O Impulso Profético como um Jogo
Na era atual, com algoritmos e plataformas que estimulam indignação e atenção, o impulso profético pode nos levar a uma posição de crítica perpétua e ininterrupta. Deixamos de identificar a diferença entre falhas normais de bons líderes no geral, que utilizam corretamente sua autoridade, dos pecados e injustiças notórios que requerem uma resposta firme e inequívoca. Todas as situações recebem o mesmo nível de indignação.
Quando isso acontece, trilhamos a estrada do cinismo, sem confiar que o poder pode ser usado de maneira apropriada por alguém (com exceção, é claro, daqueles com o dom da profecia!). Não somos mais a favor das pessoas ou instituições que desejamos que se tornem responsáveis. Em vez disso, tudo se trata de um jogo onde “montamos” uns nos outros virtualmente, ficamos empolgados quando conseguimos incitar a discordância com aqueles a quem criticamos ou levantar um ataque contra qualquer coisa que percebamos como “problemáticas”. Ganhamos o jogo quando acumulamos pontos contra o outro lado. Demonstramos desprezo e chamamos isso de honestidade.
O Coração de Jesus em um Mundo de Aspirantes a Profetas
Nos dias de hoje, necessitamos ser tardios em assumir o papel de profeta, mesmo que seja só para evitar a tentação da grandiosidade e das “recompensas” traiçoeiras que advêm ao profeta que possui um bom desempenho nos palcos das redes sociais. Ser provocativo não faz de você um profeta.
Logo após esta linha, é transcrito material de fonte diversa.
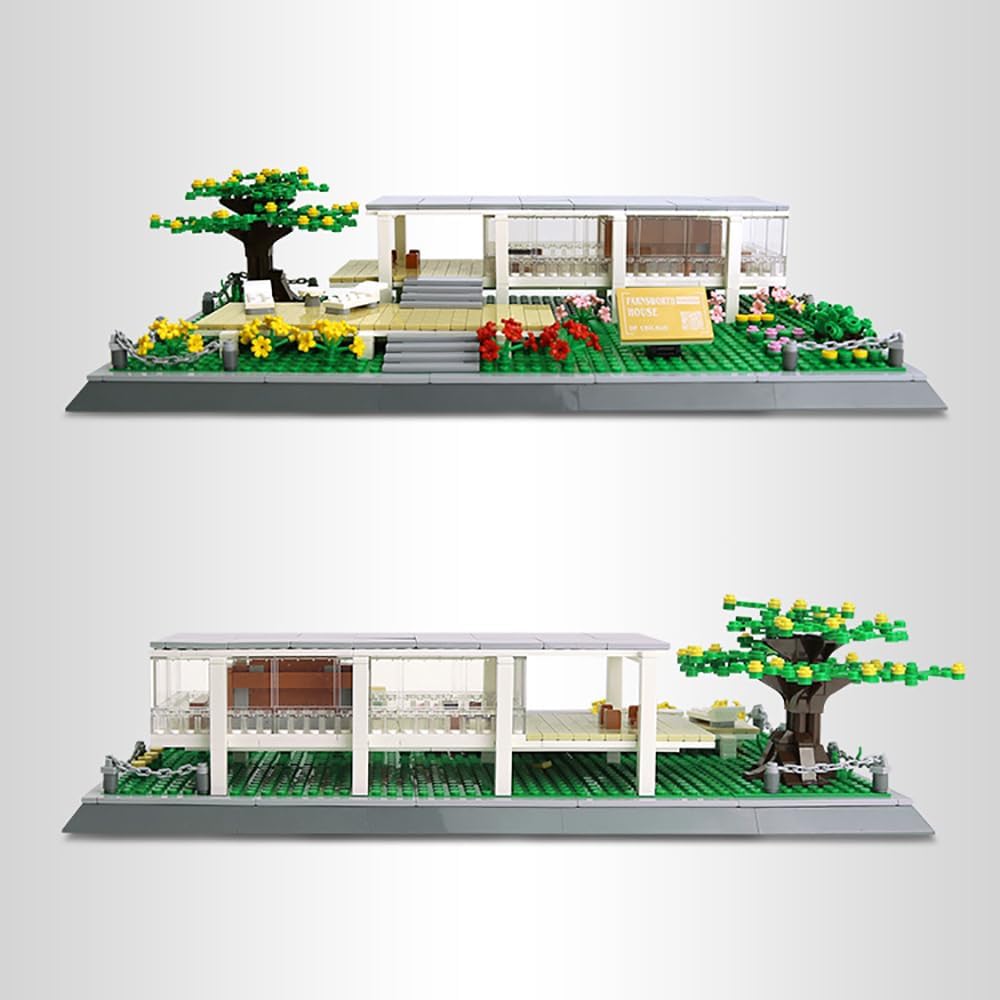 Goirzi 661 piezas de bloques de construcción de Farnsworth House Illinois Juego de rompecabezas de arquitectura mundial modelo colección creativa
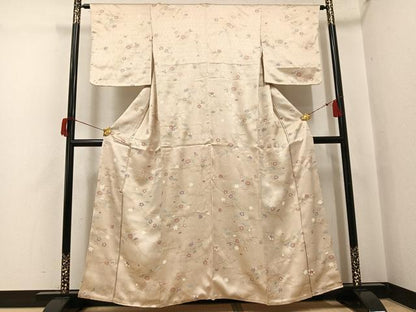平和屋着物●上質な小紋　草花文　金彩　正絹　逸品　未使用　AABH8378ph
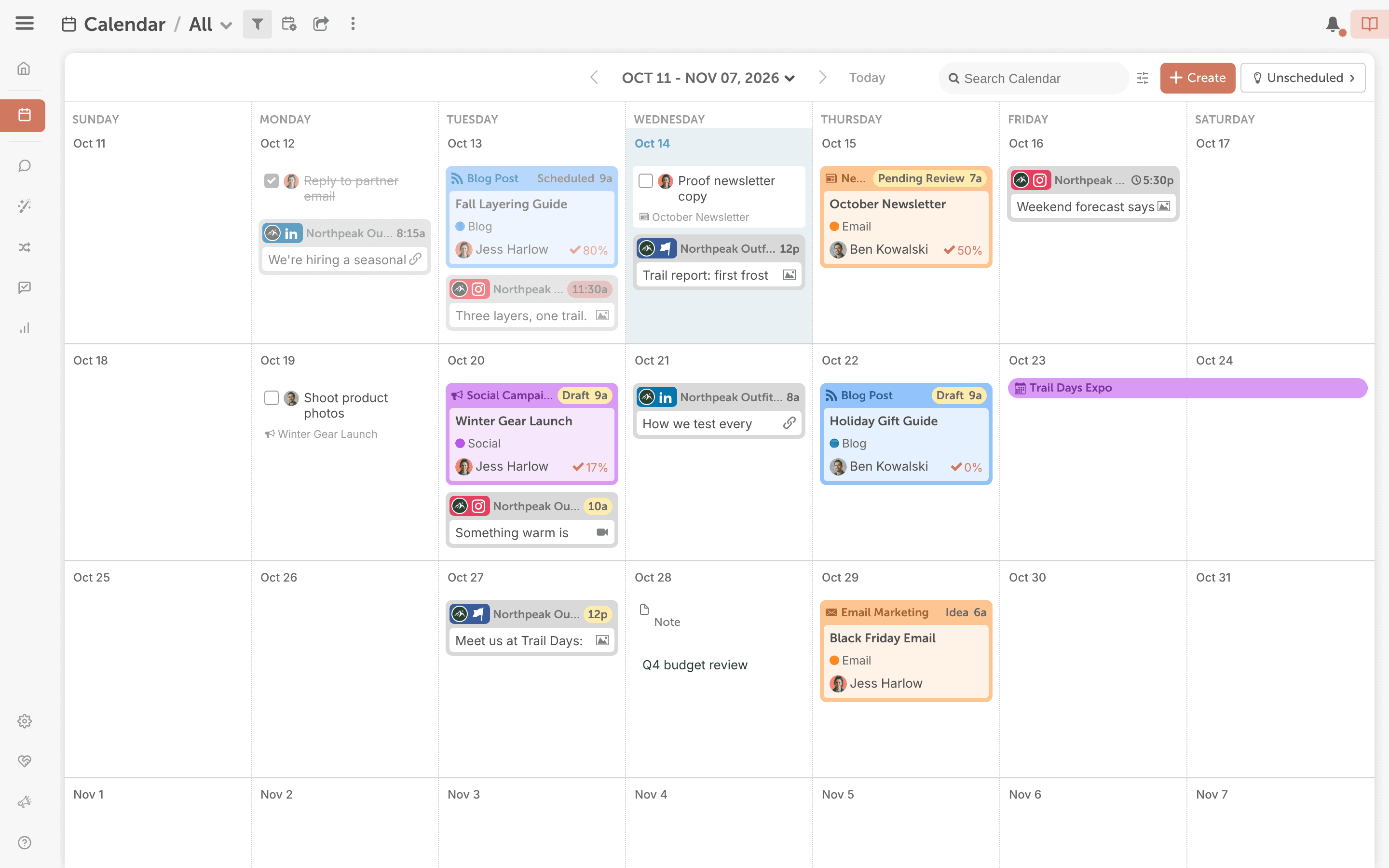 The calendar with projects and social messages on their dates, plus "Search Calendar", "Create" and "Unscheduled".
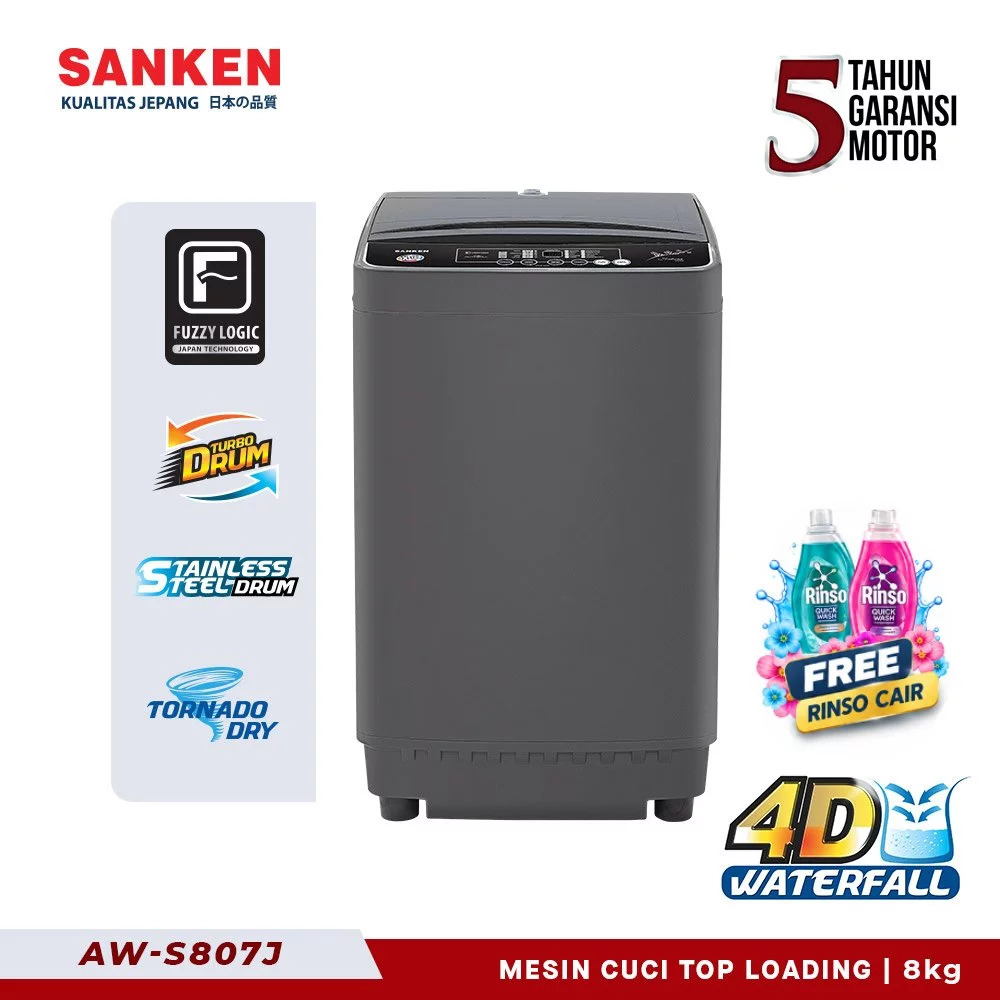 Sanken Mesin Cuci 1 Tabung 8 Kg AW-S807J Top Loading Anti Karat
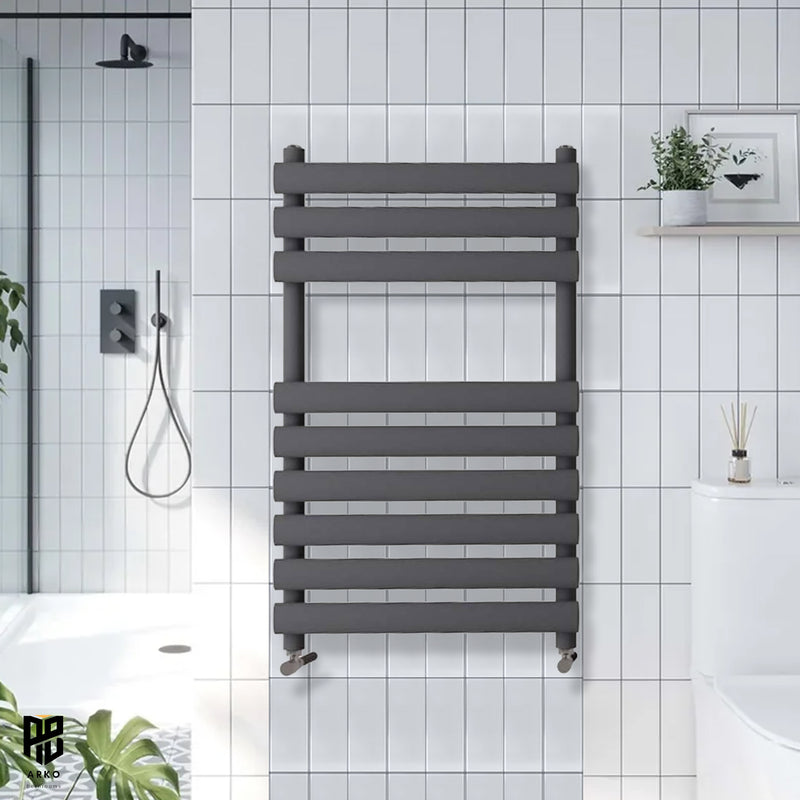 Arko Heated Towel Rail – 500 x 800mm – Straight Bars – Black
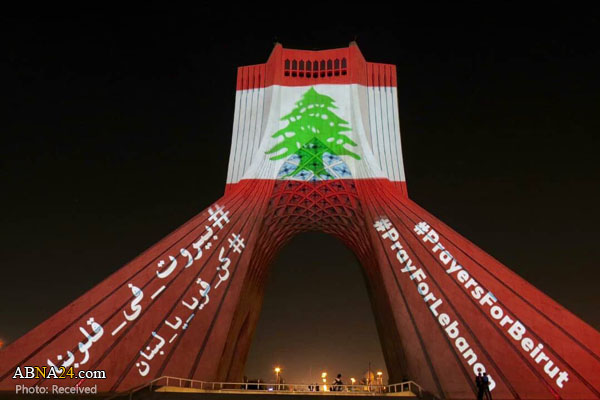 Tehran's Azadi Tower, Tabiat Bridge lit up with Lebanon’s flag (+Photos)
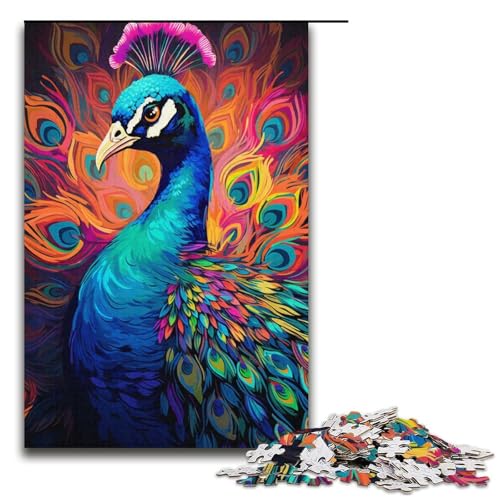 1000-teiliges Puzzle für Erwachsene, Malen, bunter Pfau, Lernspielzeug, Geburtstagsgeschenk, Geschenke, Wandkunst (Größe 38 x 26 cm) von LLONGKT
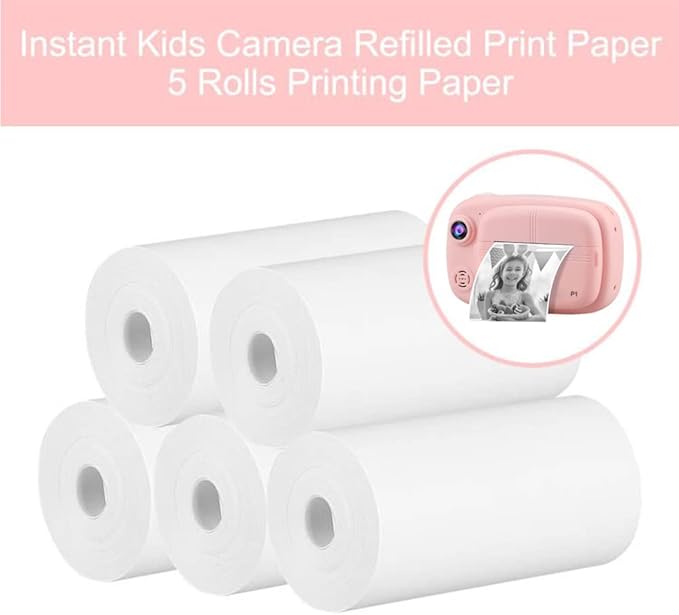 5 Rolls Kids Camera Paper Roll, Mijaowatch Kids Instant Camera Print Paper Non-Adhesive Camera Printer Paper Mini Camera Refill Photo Print Thermal Paper Rolls for Kids Print Cameras 2.24×1.18 Inches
Profetas de verdade fazem mais do que condenar e confrontar; eles também trazem conforto e esperança (Ed 5.1).
Quando proclamamos a verdade aos poderosos e quando denunciamos injustiça na igreja e no mundo, necessitamos pedir a amigos confiáveis que falem verdades ao nosso próprio coração, para garantir que não adotemos voz de profeta sem ter um coração de profeta.